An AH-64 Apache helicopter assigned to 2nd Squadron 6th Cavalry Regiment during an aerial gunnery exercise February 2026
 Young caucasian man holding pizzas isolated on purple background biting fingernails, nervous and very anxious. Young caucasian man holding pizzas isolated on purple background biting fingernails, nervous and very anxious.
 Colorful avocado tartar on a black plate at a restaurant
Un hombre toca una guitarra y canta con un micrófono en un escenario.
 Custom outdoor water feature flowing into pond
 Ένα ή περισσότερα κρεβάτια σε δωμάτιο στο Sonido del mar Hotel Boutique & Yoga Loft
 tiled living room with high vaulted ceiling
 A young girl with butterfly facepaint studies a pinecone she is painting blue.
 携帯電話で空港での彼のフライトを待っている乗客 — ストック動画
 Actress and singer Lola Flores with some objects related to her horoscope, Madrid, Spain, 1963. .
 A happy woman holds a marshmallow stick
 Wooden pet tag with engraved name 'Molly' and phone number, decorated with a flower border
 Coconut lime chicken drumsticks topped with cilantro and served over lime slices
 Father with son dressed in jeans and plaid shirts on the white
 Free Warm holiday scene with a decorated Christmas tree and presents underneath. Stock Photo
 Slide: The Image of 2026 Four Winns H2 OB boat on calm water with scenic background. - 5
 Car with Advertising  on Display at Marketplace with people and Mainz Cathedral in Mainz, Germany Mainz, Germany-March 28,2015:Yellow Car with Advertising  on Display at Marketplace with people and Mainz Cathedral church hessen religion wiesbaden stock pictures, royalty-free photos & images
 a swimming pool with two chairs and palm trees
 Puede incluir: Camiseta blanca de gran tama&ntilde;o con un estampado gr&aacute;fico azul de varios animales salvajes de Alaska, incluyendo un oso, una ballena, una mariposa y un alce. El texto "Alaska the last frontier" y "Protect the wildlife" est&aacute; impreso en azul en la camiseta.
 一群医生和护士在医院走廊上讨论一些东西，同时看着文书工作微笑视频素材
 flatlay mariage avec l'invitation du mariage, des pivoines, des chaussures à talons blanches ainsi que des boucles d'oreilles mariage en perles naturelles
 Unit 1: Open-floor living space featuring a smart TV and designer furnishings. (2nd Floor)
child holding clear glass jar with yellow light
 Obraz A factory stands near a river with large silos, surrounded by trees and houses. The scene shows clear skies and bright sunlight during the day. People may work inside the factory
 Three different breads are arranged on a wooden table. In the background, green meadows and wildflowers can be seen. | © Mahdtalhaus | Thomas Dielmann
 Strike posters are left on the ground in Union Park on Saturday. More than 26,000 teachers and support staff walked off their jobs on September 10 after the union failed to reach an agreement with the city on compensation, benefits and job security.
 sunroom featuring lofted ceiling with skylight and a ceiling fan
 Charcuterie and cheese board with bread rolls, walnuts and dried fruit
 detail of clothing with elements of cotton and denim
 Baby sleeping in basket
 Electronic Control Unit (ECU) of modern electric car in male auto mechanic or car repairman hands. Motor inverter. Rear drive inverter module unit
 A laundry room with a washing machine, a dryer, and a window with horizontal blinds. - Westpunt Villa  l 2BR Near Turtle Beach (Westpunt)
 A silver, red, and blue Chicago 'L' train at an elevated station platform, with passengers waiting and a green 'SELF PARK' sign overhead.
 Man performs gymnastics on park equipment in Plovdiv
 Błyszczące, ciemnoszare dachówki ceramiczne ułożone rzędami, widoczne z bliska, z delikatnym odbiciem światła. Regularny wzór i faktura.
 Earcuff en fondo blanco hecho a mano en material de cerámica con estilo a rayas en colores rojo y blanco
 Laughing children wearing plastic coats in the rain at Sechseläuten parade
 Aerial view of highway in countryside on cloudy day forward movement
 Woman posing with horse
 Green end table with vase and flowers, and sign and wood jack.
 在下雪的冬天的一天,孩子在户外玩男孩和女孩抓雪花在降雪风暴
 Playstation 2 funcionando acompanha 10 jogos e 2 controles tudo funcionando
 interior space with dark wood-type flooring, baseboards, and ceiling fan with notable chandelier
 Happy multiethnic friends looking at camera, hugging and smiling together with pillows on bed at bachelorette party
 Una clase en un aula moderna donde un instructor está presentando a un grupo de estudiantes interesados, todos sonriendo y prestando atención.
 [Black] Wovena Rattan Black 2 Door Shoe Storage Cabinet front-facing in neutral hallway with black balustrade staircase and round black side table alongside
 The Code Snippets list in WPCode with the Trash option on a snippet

§ EXERCISE
Only the lines from the first line of the records through the line containing "child holding clear" should be repeated, exactly as they appear.

§ TASK ANSWER
An AH-64 Apache helicopter assigned to 2nd Squadron 6th Cavalry Regiment during an aerial gunnery exercise February 2026
 Young caucasian man holding pizzas isolated on purple background biting fingernails, nervous and very anxious. Young caucasian man holding pizzas isolated on purple background biting fingernails, nervous and very anxious.
 Colorful avocado tartar on a black plate at a restaurant
Un hombre toca una guitarra y canta con un micrófono en un escenario.
 Custom outdoor water feature flowing into pond
 Ένα ή περισσότερα κρεβάτια σε δωμάτιο στο Sonido del mar Hotel Boutique & Yoga Loft
 tiled living room with high vaulted ceiling
 A young girl with butterfly facepaint studies a pinecone she is painting blue.
 携帯電話で空港での彼のフライトを待っている乗客 — ストック動画
 Actress and singer Lola Flores with some objects related to her horoscope, Madrid, Spain, 1963. .
 A happy woman holds a marshmallow stick
 Wooden pet tag with engraved name 'Molly' and phone number, decorated with a flower border
 Coconut lime chicken drumsticks topped with cilantro and served over lime slices
 Father with son dressed in jeans and plaid shirts on the white
 Free Warm holiday scene with a decorated Christmas tree and presents underneath. Stock Photo
 Slide: The Image of 2026 Four Winns H2 OB boat on calm water with scenic background. - 5
 Car with Advertising  on Display at Marketplace with people and Mainz Cathedral in Mainz, Germany Mainz, Germany-March 28,2015:Yellow Car with Advertising  on Display at Marketplace with people and Mainz Cathedral church hessen religion wiesbaden stock pictures, royalty-free photos & images
 a swimming pool with two chairs and palm trees
 Puede incluir: Camiseta blanca de gran tama&ntilde;o con un estampado gr&aacute;fico azul de varios animales salvajes de Alaska, incluyendo un oso, una ballena, una mariposa y un alce. El texto "Alaska the last frontier" y "Protect the wildlife" est&aacute; impreso en azul en la camiseta.
 一群医生和护士在医院走廊上讨论一些东西，同时看着文书工作微笑视频素材
 flatlay mariage avec l'invitation du mariage, des pivoines, des chaussures à talons blanches ainsi que des boucles d'oreilles mariage en perles naturelles
 Unit 1: Open-floor living space featuring a smart TV and designer furnishings. (2nd Floor)
child holding clear glass jar with yellow light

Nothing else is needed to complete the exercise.